**ACTION ITEM**
A verbatim reproduction of the lines below, from the line containing "60 levyä) SVC" through the line containing "Officials The Legend", both ends included, is the whole required output.

**EXTRACTED RECORDS**
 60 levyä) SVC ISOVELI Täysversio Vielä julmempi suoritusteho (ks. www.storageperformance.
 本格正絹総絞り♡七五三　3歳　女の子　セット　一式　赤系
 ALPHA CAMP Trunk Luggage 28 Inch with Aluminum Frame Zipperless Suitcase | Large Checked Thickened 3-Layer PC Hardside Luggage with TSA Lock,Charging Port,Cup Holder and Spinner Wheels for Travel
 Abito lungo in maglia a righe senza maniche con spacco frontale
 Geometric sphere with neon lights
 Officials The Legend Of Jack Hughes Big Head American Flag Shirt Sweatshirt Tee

...

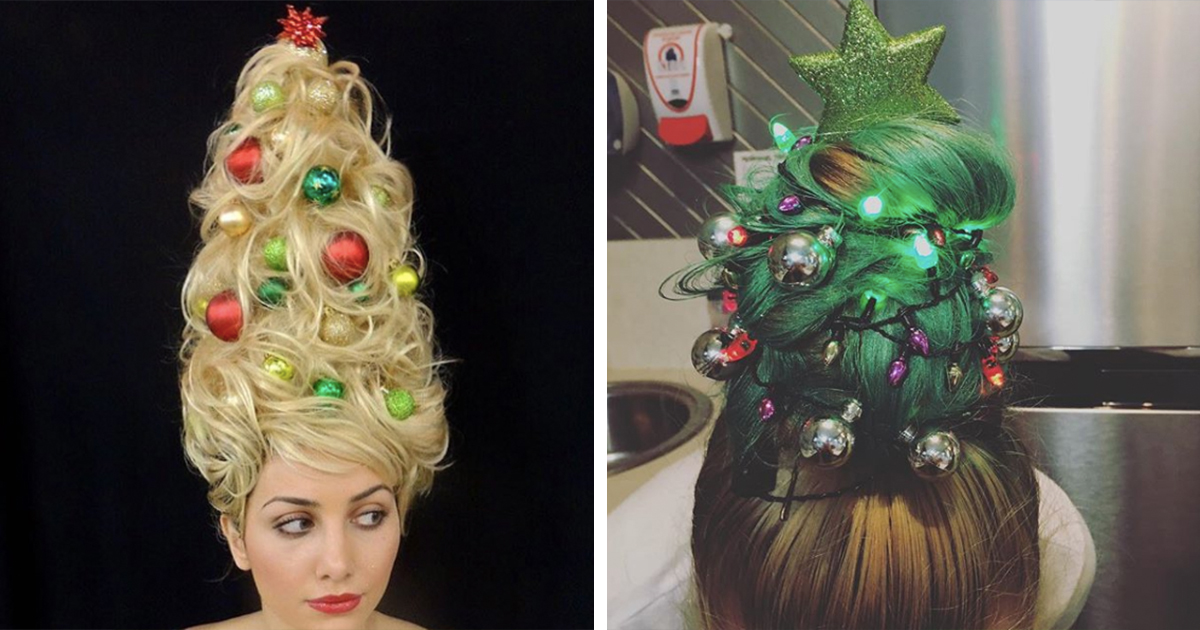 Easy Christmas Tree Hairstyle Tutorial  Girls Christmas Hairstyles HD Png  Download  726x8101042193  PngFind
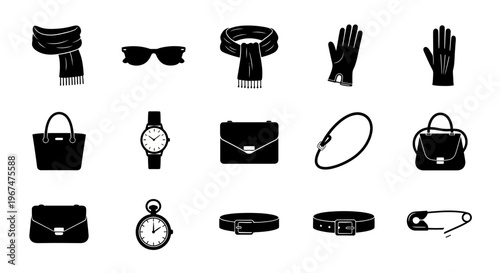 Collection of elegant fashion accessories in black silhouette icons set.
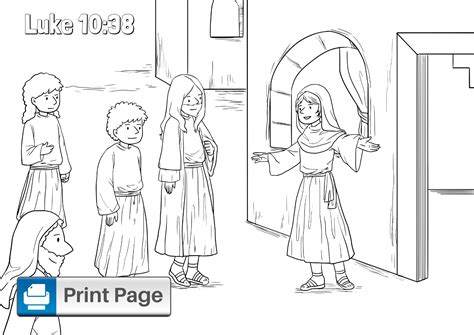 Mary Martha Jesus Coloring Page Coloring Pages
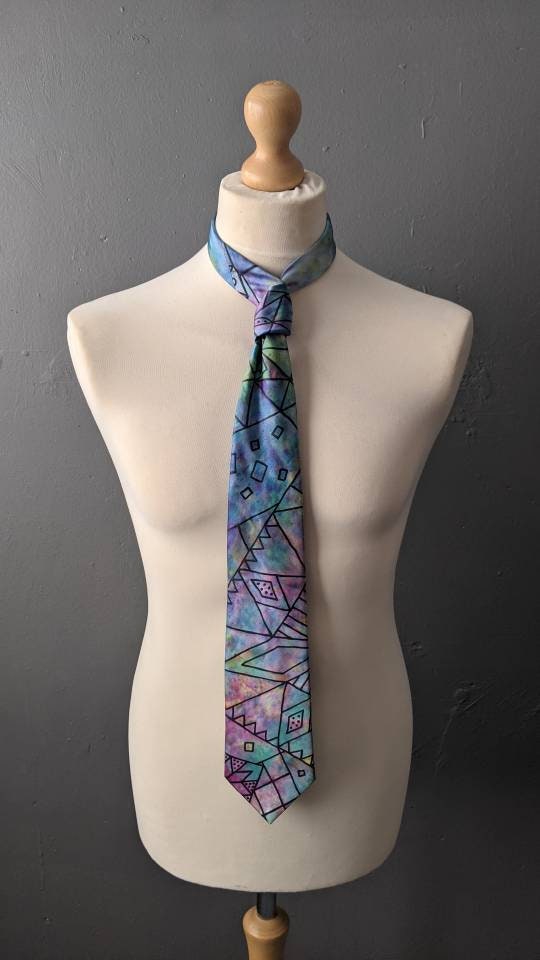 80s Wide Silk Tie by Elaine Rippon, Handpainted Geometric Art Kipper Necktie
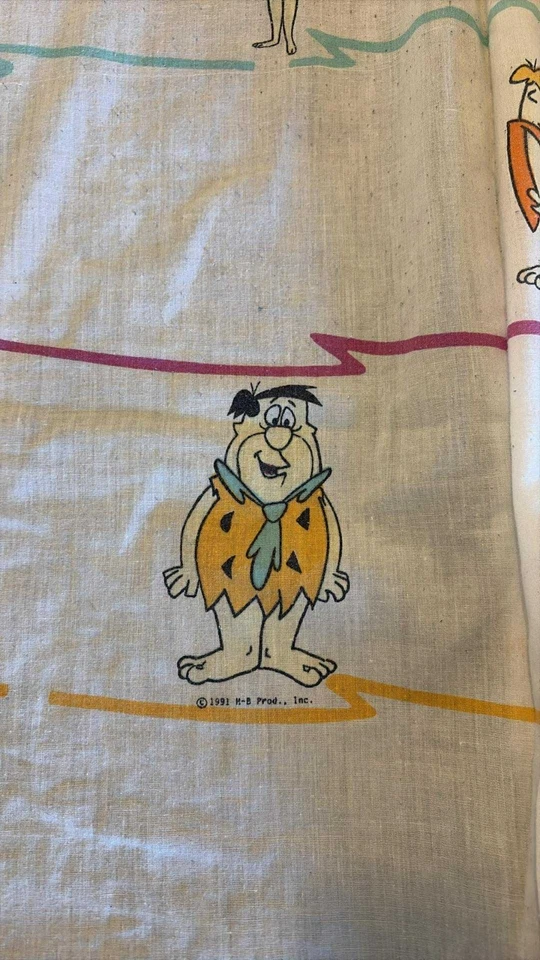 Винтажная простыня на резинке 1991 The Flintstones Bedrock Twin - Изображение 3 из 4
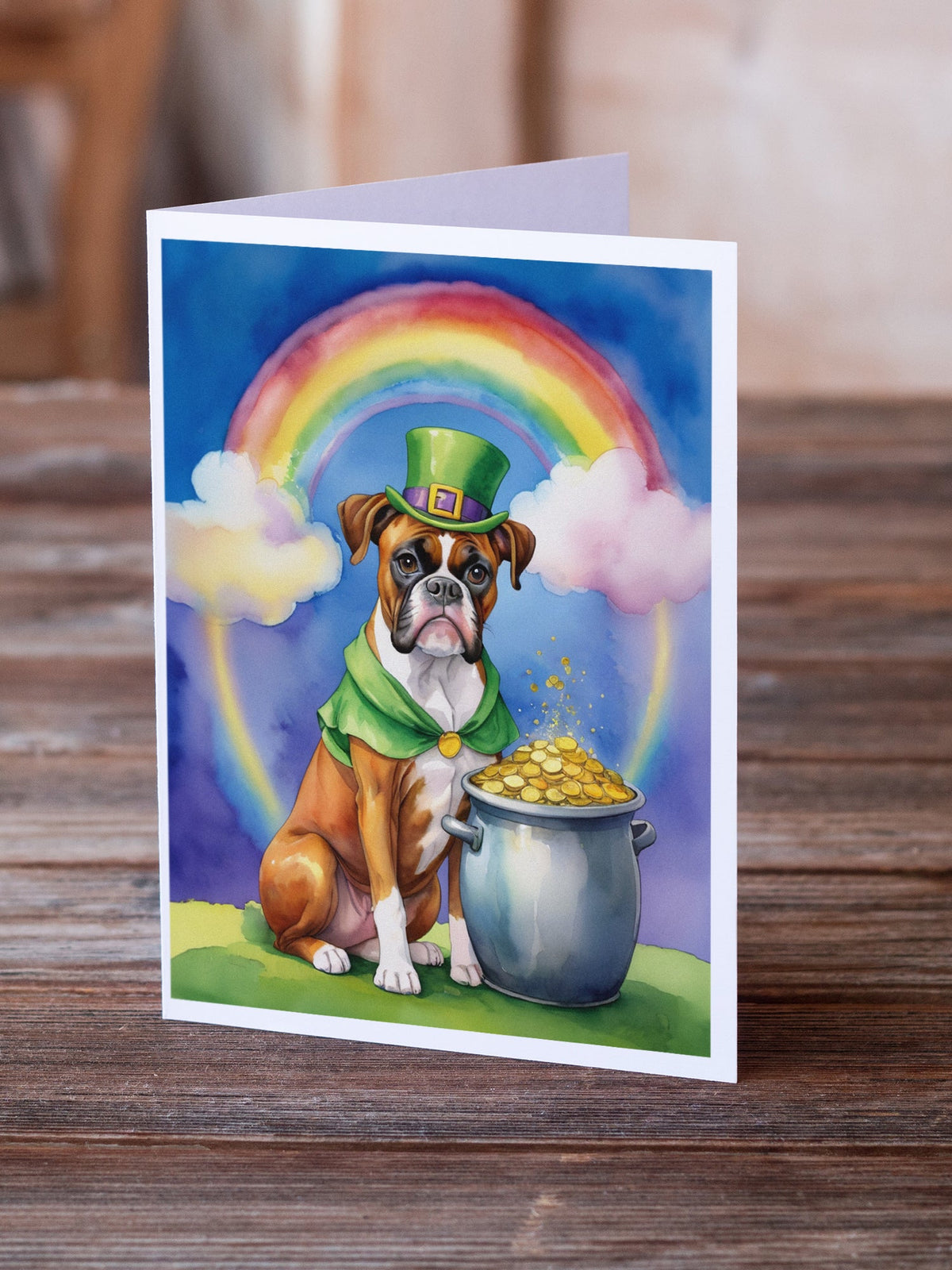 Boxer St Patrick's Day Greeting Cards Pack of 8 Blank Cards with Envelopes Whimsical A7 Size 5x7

**SOLVED EXERCISE**
 60 levyä) SVC ISOVELI Täysversio Vielä julmempi suoritusteho (ks. www.storageperformance.
 本格正絹総絞り♡七五三　3歳　女の子　セット　一式　赤系
 ALPHA CAMP Trunk Luggage 28 Inch with Aluminum Frame Zipperless Suitcase | Large Checked Thickened 3-Layer PC Hardside Luggage with TSA Lock,Charging Port,Cup Holder and Spinner Wheels for Travel
 Abito lungo in maglia a righe senza maniche con spacco frontale
 Geometric sphere with neon lights
 Officials The Legend Of Jack Hughes Big Head American Flag Shirt Sweatshirt Tee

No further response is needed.